Akio Ohtori - I Write Sins Not Tragedies (AMV)

Описание к видео Akio Ohtori - I Write Sins Not Tragedies (AMV)

Song | Panic! At the Disco - I Write Sins Not Tragedies
Anime | Revolutionary Girl Utena, Adolescence of Utena

TLDR; The AMV is done as if Akio is the one singing. It is based on the idea of “poisoned rationality” that’s in the song which for Akio means gaslighting people, including the viewer, into thinking his actions aren’t so bad or are somehow justified, trying to give a grey area to situations that don’t have one. It’s him telling us also to mind our business. The AMV is increasing his horrific deeds throughout and then finally presenting his crying and letting you decide if you’re going to forgive him now or listen to him and shut the "goddamn door" after seeing throughout what goes on behind the door.

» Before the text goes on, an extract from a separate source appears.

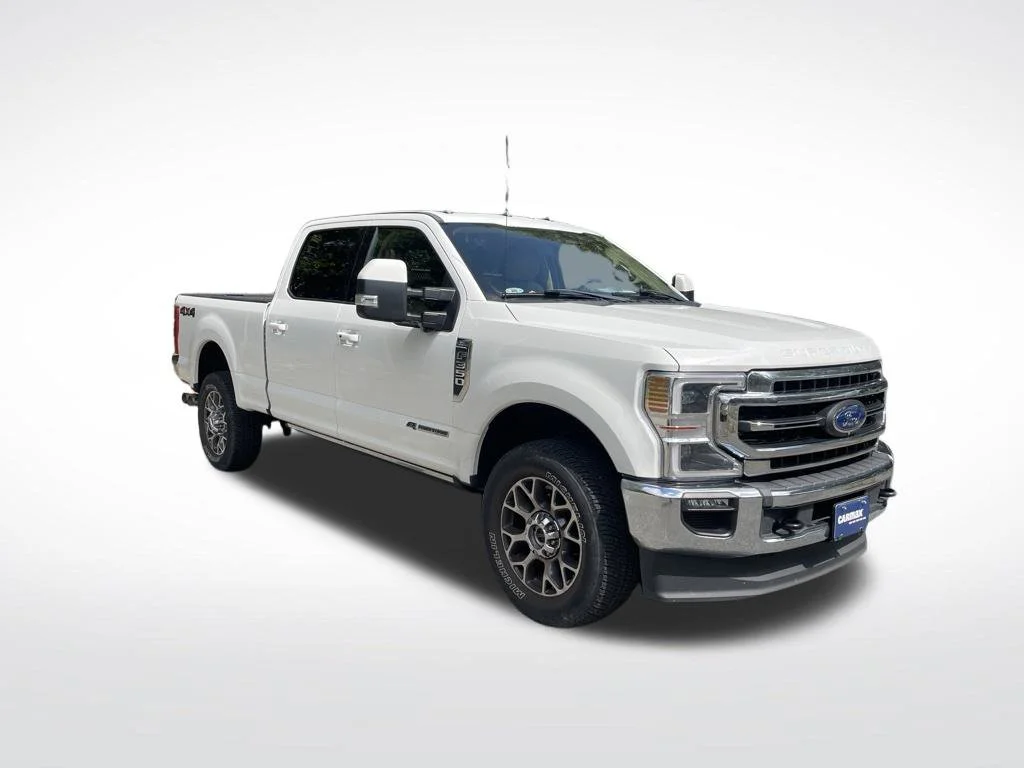 Certified Used 2020 White Ford Lariat image 6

I was listening to some MCR on YT and naturally got recommended similar songs from that time period and genre. So it ended up with me going through some nostalgic songs, including this one. I'd forgotten how good it was, just musically. The pizzicato violins sound like some Disney villain theme and really has this sneaky feeling to it. But what really made me want to do this AMV was a comment talking about how the line "poise and rationality" can be transformed to "poisoned rationality" and that just screamed RGU and Akio (the champagne "pain" line is a bit on the nose though).

To me a lot of RGU is about exploring the behind-the-scenes of ideals, behind the illusion. Akio is such a great villain because he makes sure that both the characters and viewers are fooled into not even realizing that what they're looking at is an illusion and for a very long time. One meta way to think about it is that the Anime itself is created by Akio. He's just a headmaster abusing the children in his school but put that into a backdrop of fantastical things with elaborate costumes, and an elaborate backstory of a prince, and you forget the real story. He creates 39 episodes, 24 minutes each, with filler, action, music, romance and he gives you so much to look at, and all these symbols and signs that point to something but only vaguely, just like in real life where, hidden in plain sight, are signs that can point to something but are masked by the enormity of life's own size and our own tendency to avoid them for more comforting things. Going meta again, the AMV then is this thing that no longer has Akio as the director, it's me, and instead of 936 minutes, it's 3 minutes, and the symbols are closer together and harder to ignore and at the end, the sign is finally pointing to him.

As an example of these symbols masking the truth, just look at the car Akio drives in. It's a symbol of his grooming the students and when first watching, I didn't even realize. It's a normal drive and then suddenly he speeds up even if they're uncomfortable, and to the surprise of the students "gets on top (*of them*)" of the car and the ride is continuing out of control. The signs on the roads are saying "stop," you're going over the speed limit, you're going over where I'm comfortable, and yet he continues. When I saw it as this and not as just a car ride, episode 37 with Anthy in the car became the most horrifying thing I've ever seen in an Anime. It's unfathomable. He's speeding up angry, violently raping her while Anthy is gasping for breath suffering as if a 1000 swords were piercing her. You see the pain and the aggressors anger and are forced to self-insert into the emotions instead of the act. And it shows how far he has fallen that he has become the same as the villagers that Anthy had tried to protect him from. Visually the expression on her face is also the same when the villagers finish stabbing her to when Akio is doing this. It's even worse as you realize this is the episode she tries to kill herself and then the reason becomes obvious; it's not about the prince or the end of the world or whatever Akio was talking about, it's because Akio had broken her.

One last thing is on this idea of twisting the truth and making "up" into "down", and "wrong" into "right". In episode 33 with Utena, she is calling out stop with every piece of body language that can convey discomfort without outright saying it but Akio never stops. Here is a quote from some analysis I read : "Like many of the [rape] cases we know of, she tries to reconfigurate it in her mind to think there was consent, something that Akio reinforces starting from that ending scene." The key word is reconfigure, try to twist into some way where it can seem right, putting on a poisoned rationality to cope or understand when the grand illusion is about to crumble. And that's what it is at the end, Akio realizing it's crumbling, he's losing to Utena and he uses it one more time, this sympathy card of the old good prince to make the weaker of his victims turn on an another. So, do you still shut that door or open it? Utena opens it.